Nel febbraio del 2016, la causa intentata dall’associazione “La Parole libérée” aveva portato all'apertura di una prima inchiesta preliminare da parte della procura di Lione per “mancata denuncia di crimine” ed “esposizione di terzi a rischio”. Quest'indagine si era conclusa, però, nell'agosto dello stesso anno con un'archiviazione in assenza di atti penalmente perseguibili, ravvisabili nella condotta del cardinale. I giudici avevano creduto alle dichiarazioni di Barbarin che, durante un'audizione di ben 10 ore in procura, si era difeso ribadendo di aver appreso delle violenze soltanto nel 2014 grazie alla lettera di Dussot-Hezez.
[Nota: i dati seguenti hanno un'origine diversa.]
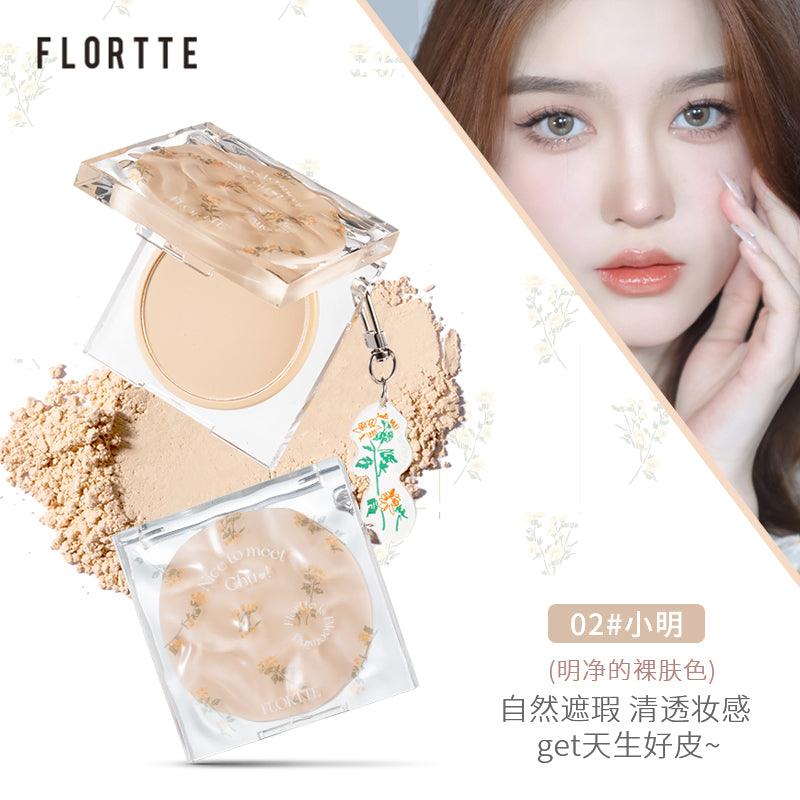 Flortte Nice To Meet Chu Pressed Powder FLT051 - Chic Decent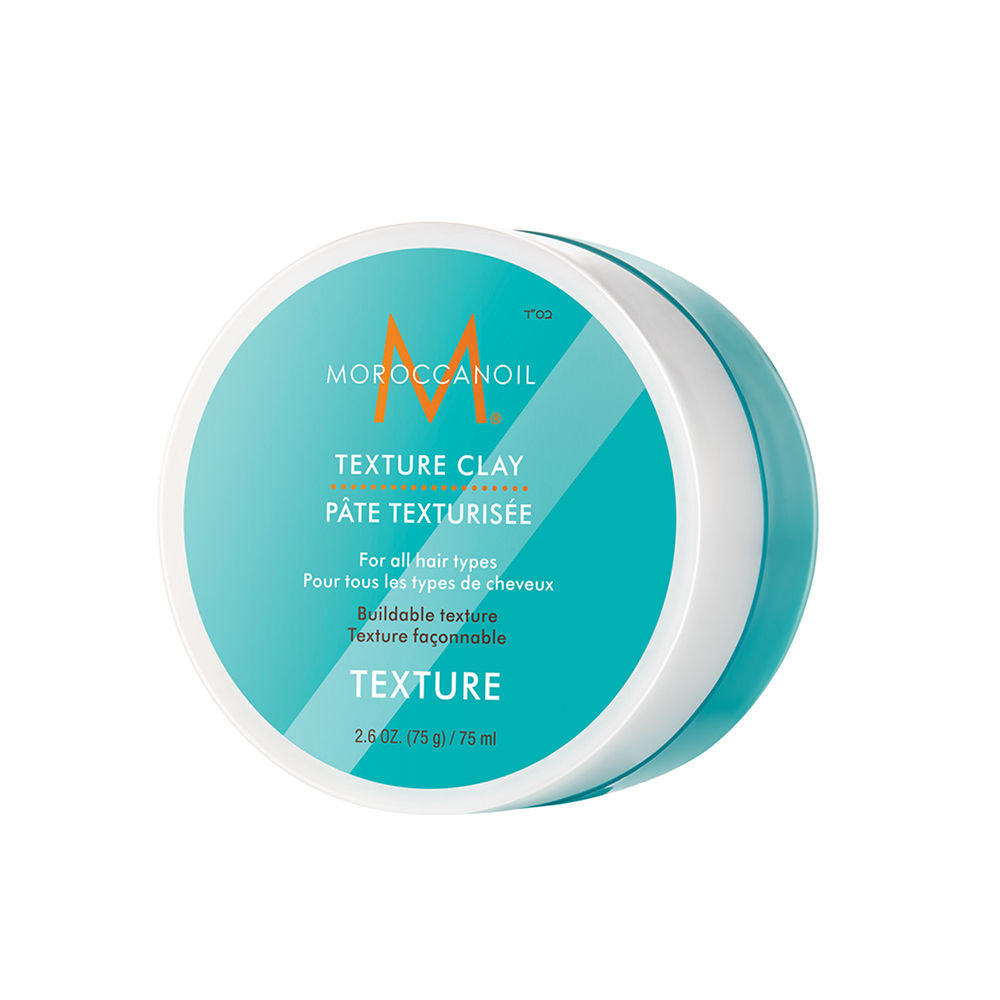 Moroccanoil Texture Clay | Argan Oil + Bentonite | Defines & Controls Frizz for All Hair Types, 75ml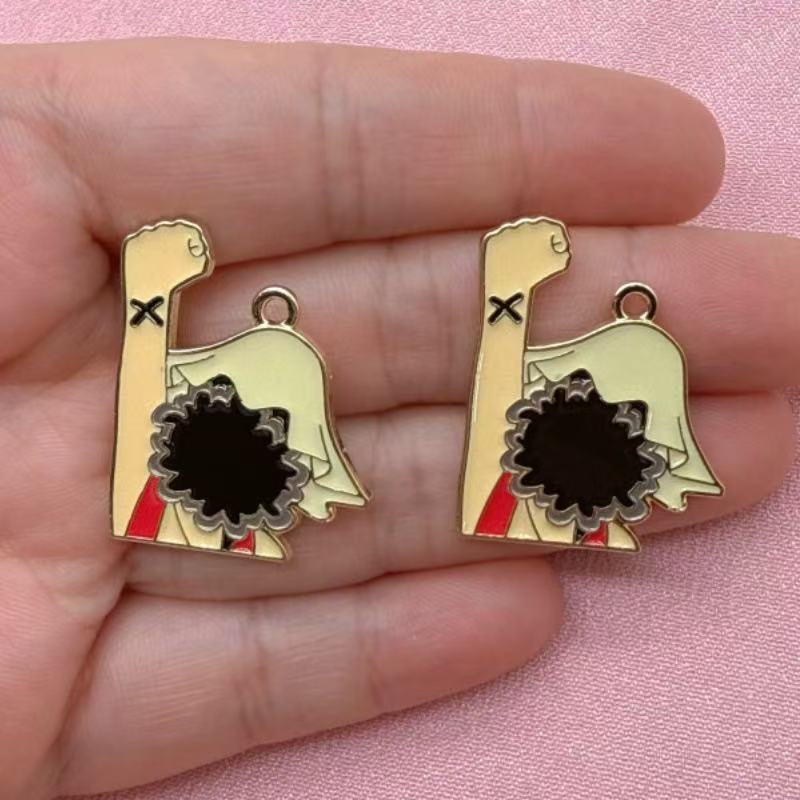 10PCS alloy drip oil cartoon p - огляд і ціна Event Party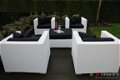 Lounge stoel lounche fauteuil set zetel tuin terras wit aanbieding. - 4 - Thumbnail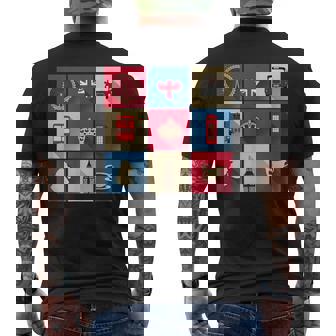 ロンドンバス スカイライン イギリス国旗 ユニオンジャック メンズTシャツ バックプリント - Kawaiitshirt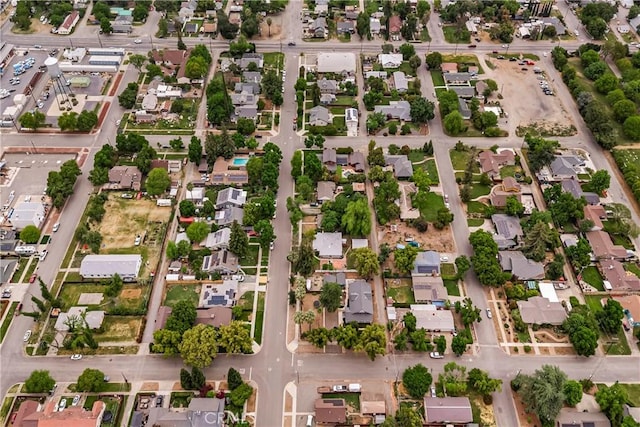 aerial view featuring a residential view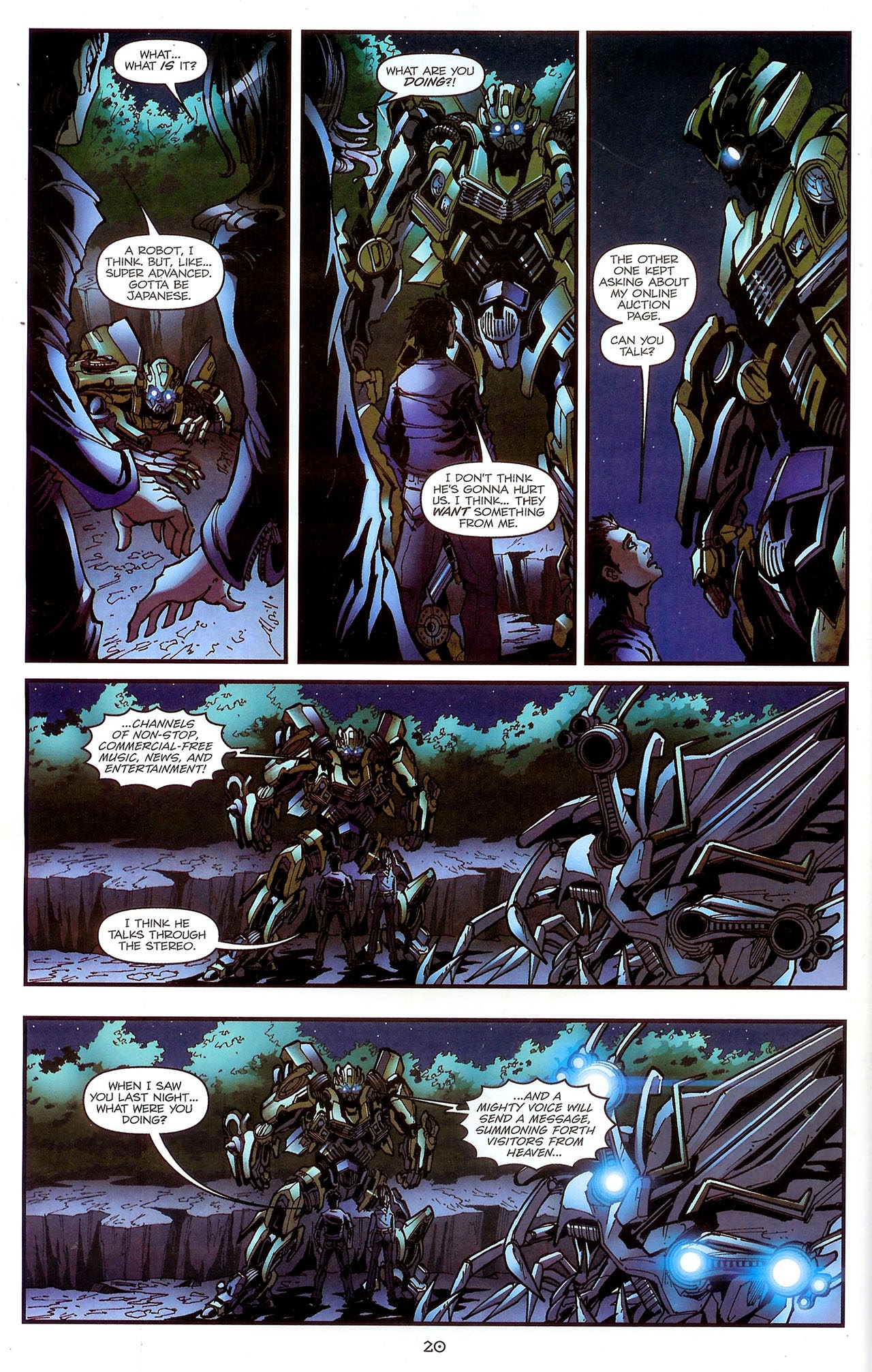 Read online Transformers: The Movie Adaptation comic -  Issue #2 - 19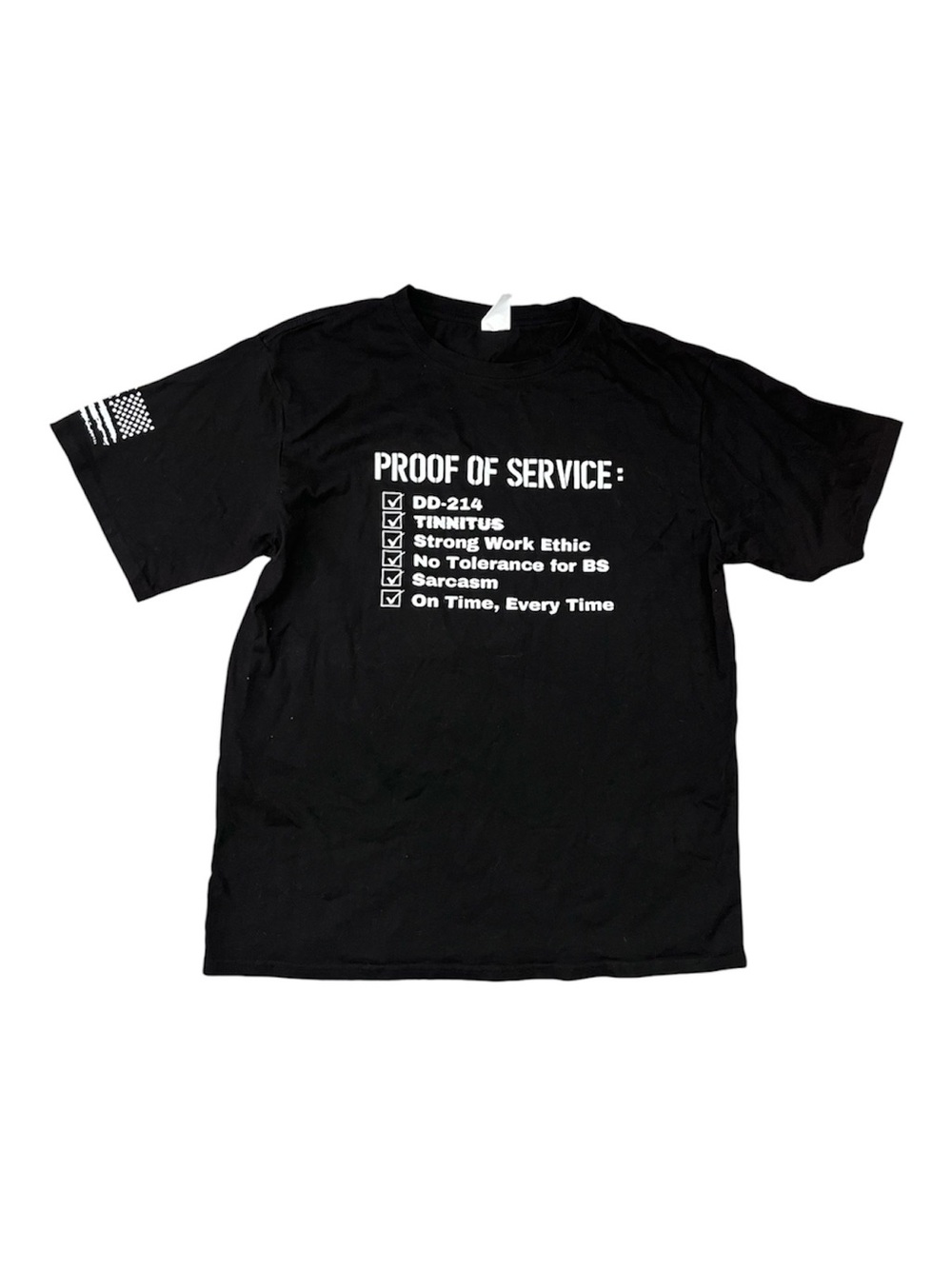 Proof of Service Graphic Tee - Black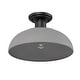 preview thumbnail 15 of 13, Levitt 13.625" Wide 1-Light Natural Black Outdoor Semi-flush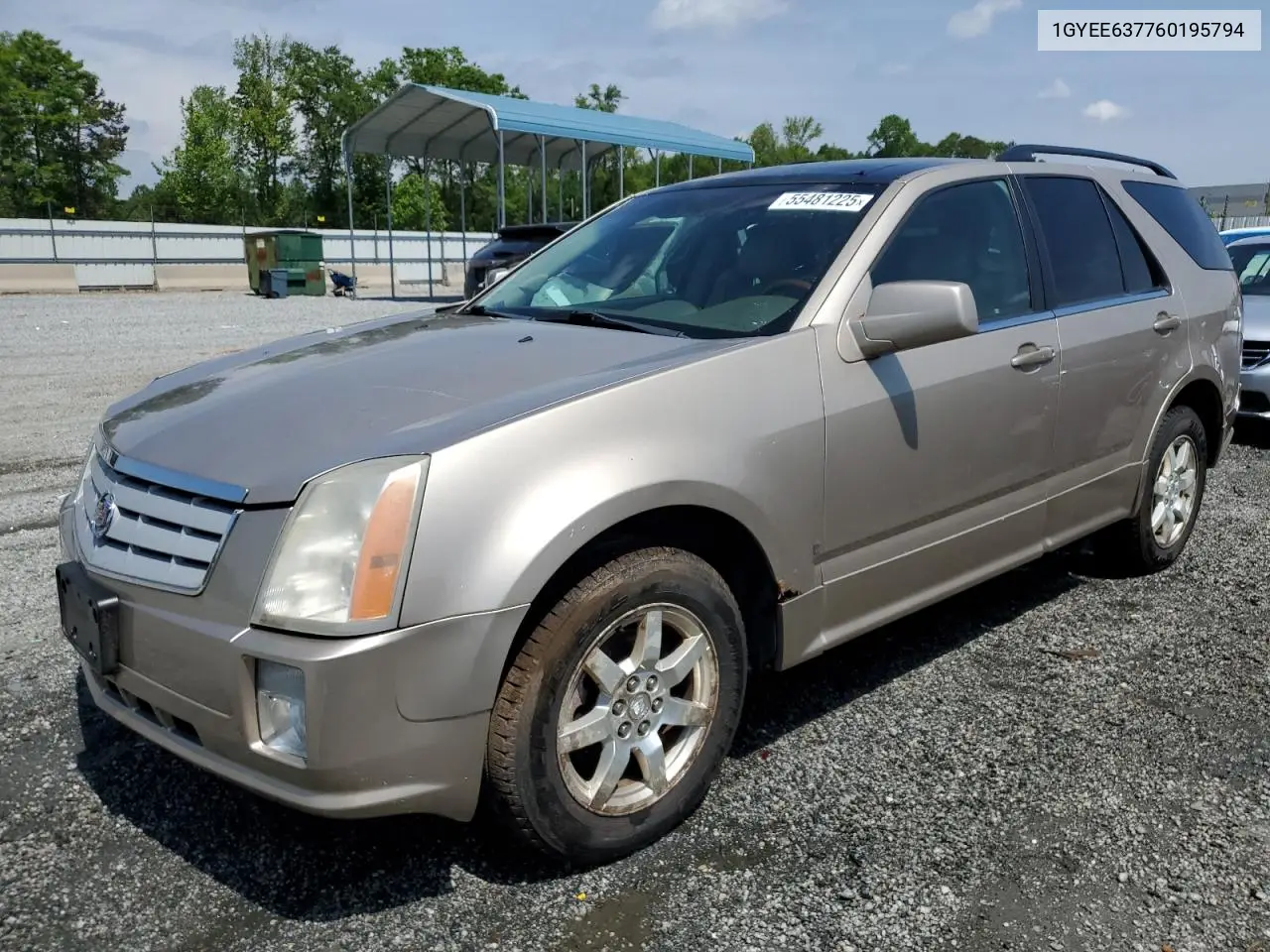 2006 Cadillac Srx VIN: 1GYEE637760195794 Lot: 55481225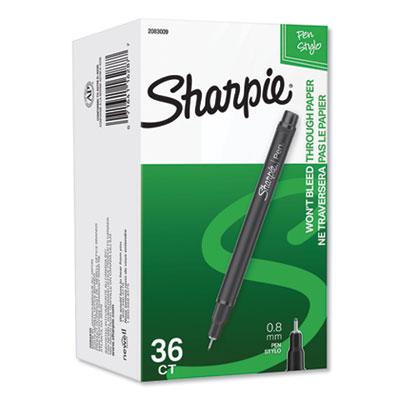 View larger image of Water-Resistant Ink Porous Point Pen Value Pack, Stick, Fine 0.4 Mm, Black Ink, Black Barrel, 36/pack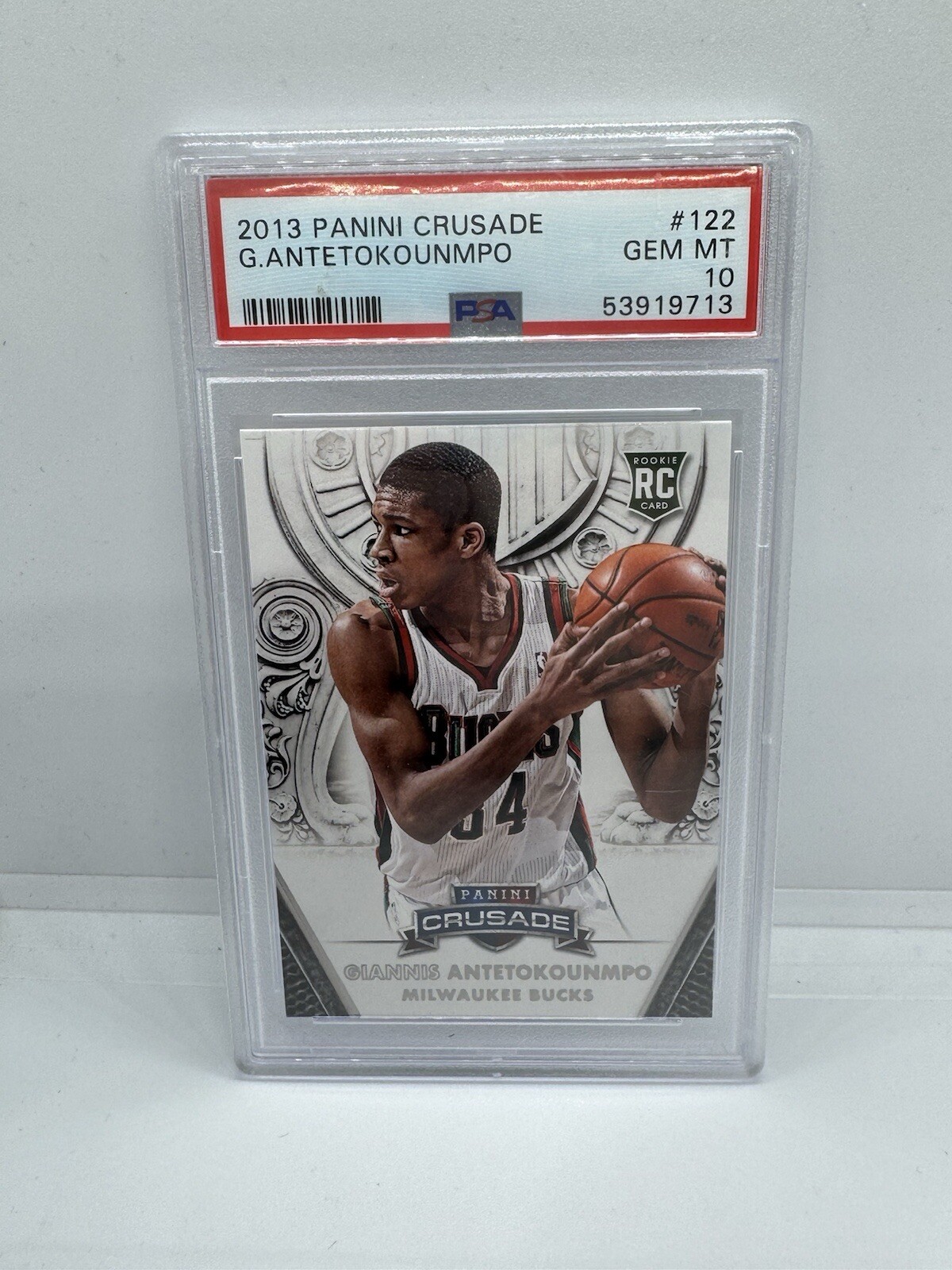 2013 Panini Crusade #122 Giannis Antetokounmpo PSA 10 Gem Mint Rookie Card RC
L'archiviazione dell'inchiesta, però, non aveva messo fine alla forte campagna mediatica "colpevolista". Ad animarla, persino dei sacerdoti promotori di una petizione online per chiedere le dimissioni dell'arcivescovo di Lione.
Il cardinale, grande oppositore della legge Taubira, che legalizzava il "matrimonio" e l'adozione per le coppie omosessuali e più volte protagonista nelle piazze della Manif Pour Tous, è ormai costretto da anni a frequentare le aule dei tribunali francesi e si è abituato ad essere nel mirino degli attacchi mediatici più anticlericali. Quella relativa al caso Preynat non è stata l'unica indagine con cui ha avuto a che fare Barbarin: sempre nel 2016, infatti, il porporato è stato accusato di "mancata denuncia, messa in pericolo della vita altrui e istigazione al suicidio" a seguito di una denuncia presentata da un alto funzionario del Ministero degli Interni. Quest'ultimo aveva raccontato di aver subito abusi in giovane età da padre Jérôme Billioud, un sacerdote di Lione. I fatti, avvenuti nel 1990 e nel 1993, sarebbero avvenuti anche in questo caso prima che Barbarin assumesse la guida della diocesi.
Nella denuncia, però, il funzionario aveva sostenuto di aver svelato le violenze al cardinale nel 2009 senza che questi fosse intervenuto. Il clamore della notizia spinse addirittura l'allora premier francese Manuel Valls a intervenire nel dibattito, chiedendo all'arcivescovo di Lione di assumersi le sue responsabilità, senza attendere l'esito del procedimento. Sentitosi sotto attacco, l'alto prelato aveva rivendicato la sua totale estraneità alla copertura di pedofili, dichiarando: "Sono vescovo da diciassette anni, sono venuto due volte a conoscenza di fatti di questo tipo da persone che sono venute da me a denunciarli. È successo nel 2006 e nel 2014. La polizia stessa in quelle occasioni mi ha detto; 'Non si può dire che non abbia agito immediatamente'. La domenica successiva non celebravano Messa in parrocchia e sono tuttora sospesi dal ministero".
Nel silenzio dei politici intervenuti sull'apertura dell'indagine, nel dicembre dello stesso anno era arrivata l'archiviazione da parte della magistratura perché "non (...) riscontrata alcuna infrazione penale da parte dell’interessato". Nulla a che vedere con la risonanza che è stata data alla notizia della sentenza di condanna pronunciata ieri dal tribunale di Lione e che potrebbe portare presto alle dimissioni di Barbarin.